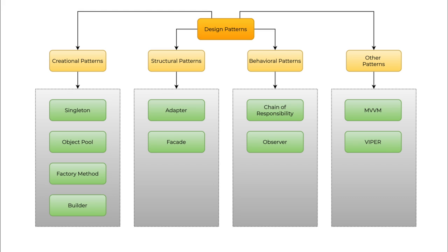Creational design patterns deal with the object creation mechanism in your software system. These are the design patterns that we use at the time of creating objects. When these objects group together to form a larger structure, then we use all the structural design patterns. And to establish communication between these objects, we use behavioral patterns.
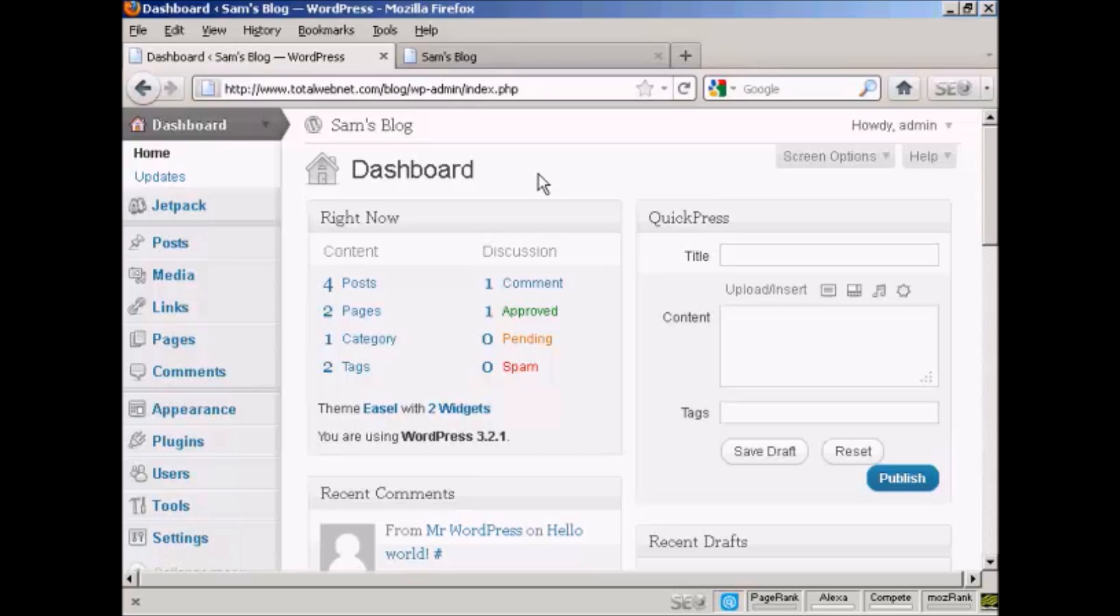In this video, I'm going to show you how to add and manage users in WordPress. When you first set up your WordPress blog, it automatically sets up the administrator setting so you can access the dashboard and make any changes you want. But you might want to allow extra people to access your WordPress blog and restrict what they can and cannot do. You can do this very simply.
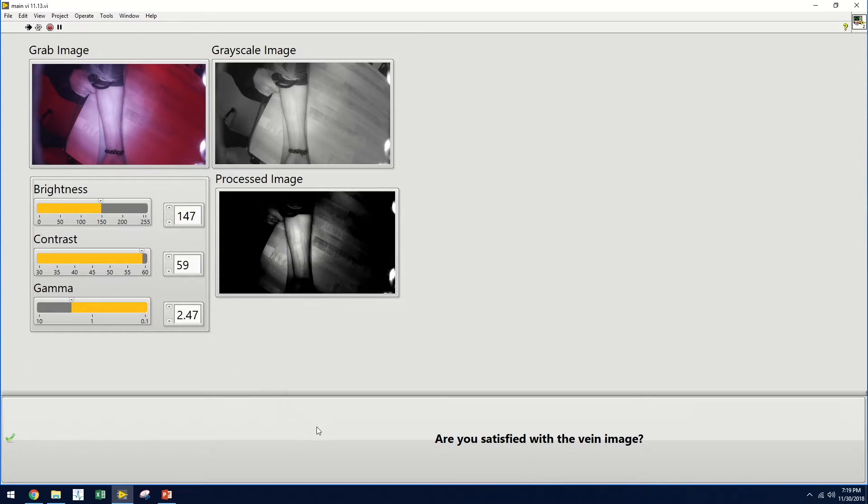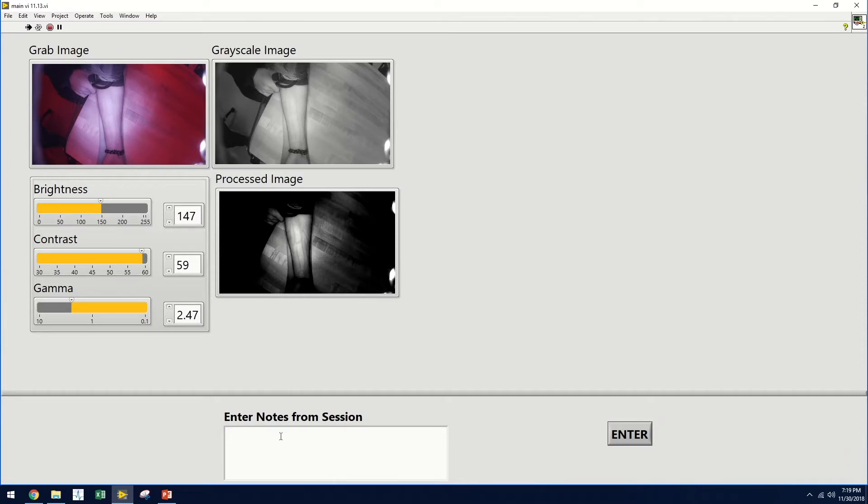Once they are satisfied, they can click the button at the bottom half of the screen, and it will save the image to the patient profile. They can additionally enter any notes that they have from the session, which will also save to the patient profile. Once they hit enter, the program will end.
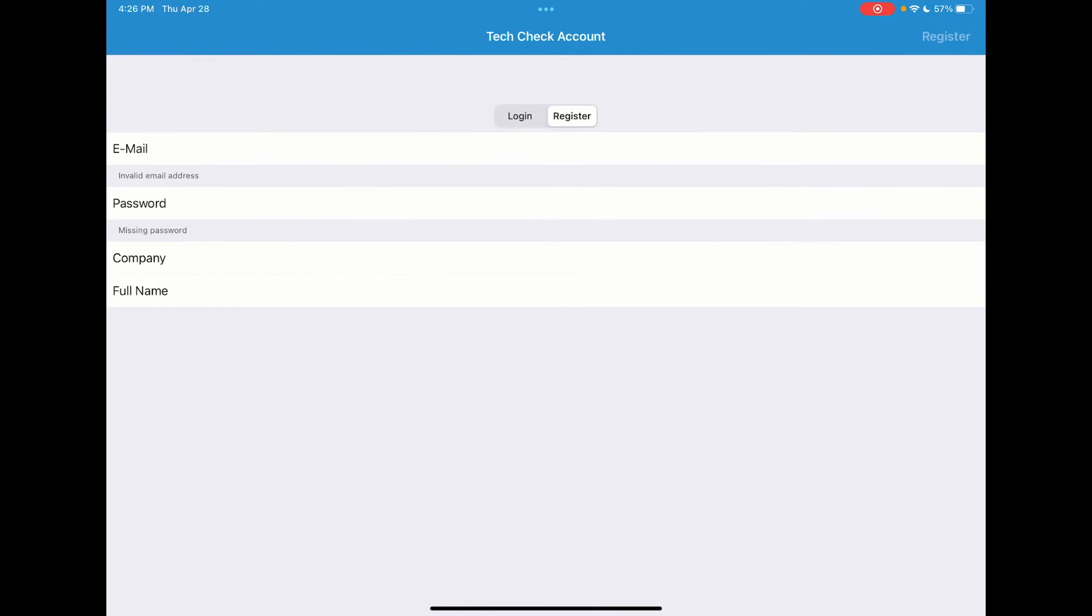Once you have those fields populated, you'll be tapping on the register button at the top right of the screen.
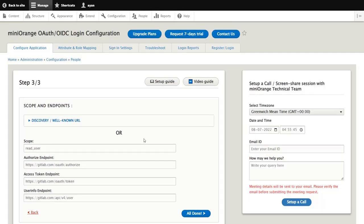Alternatively, for manual configuration, check and verify the GitLab endpoints and click on the All Done button.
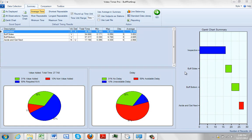From the summary screen we can also send the results of our time study out, for instance, to the line balancing module.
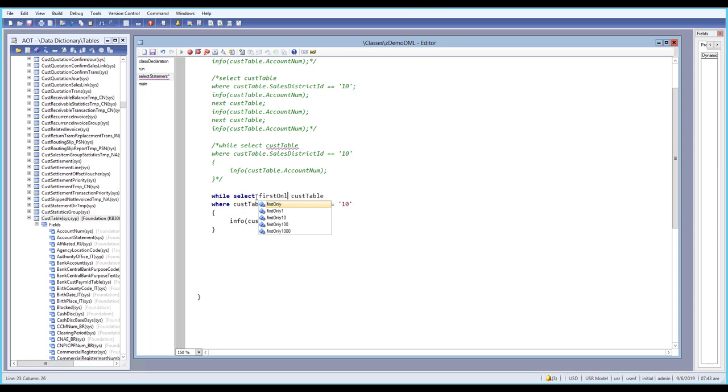which will select only the first record from whatever you have selected. It will return only the first selected record. Firstonly1 is similar and will also return only the first record.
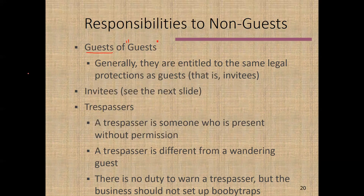If a matter results in litigation, your attorney might choose to make some distinctions, but in the trenches it's too complicated to make those subtle distinctions — and in many cases you won't know who is the guest and who is the guest of the guest. Guests are a category of invitees, so let's move ahead and talk about trespassers.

Description of the task.
Without including any picture, set down the listing above exactly as it appears.

Output of the task.
Creational design patterns deal with the object creation mechanism in your software system. These are the design patterns that we use at the time of creating objects. When these objects group together to form a larger structure, then we use all the structural design patterns. And to establish communication between these objects, we use behavioral patterns.
In this video, I'm going to show you how to add and manage users in WordPress. When you first set up your WordPress blog, it automatically sets up the administrator setting so you can access the dashboard and make any changes you want. But you might want to allow extra people to access your WordPress blog and restrict what they can and cannot do. You can do this very simply.
Once they are satisfied, they can click the button at the bottom half of the screen, and it will save the image to the patient profile. They can additionally enter any notes that they have from the session, which will also save to the patient profile. Once they hit enter, the program will end.
Once you have those fields populated, you'll be tapping on the register button at the top right of the screen.
Alternatively, for manual configuration, check and verify the GitLab endpoints and click on the All Done button.
From the summary screen we can also send the results of our time study out, for instance, to the line balancing module.
which will select only the first record from whatever you have selected. It will return only the first selected record. Firstonly1 is similar and will also return only the first record.
If a matter results in litigation, your attorney might choose to make some distinctions, but in the trenches it's too complicated to make those subtle distinctions — and in many cases you won't know who is the guest and who is the guest of the guest. Guests are a category of invitees, so let's move ahead and talk about trespassers.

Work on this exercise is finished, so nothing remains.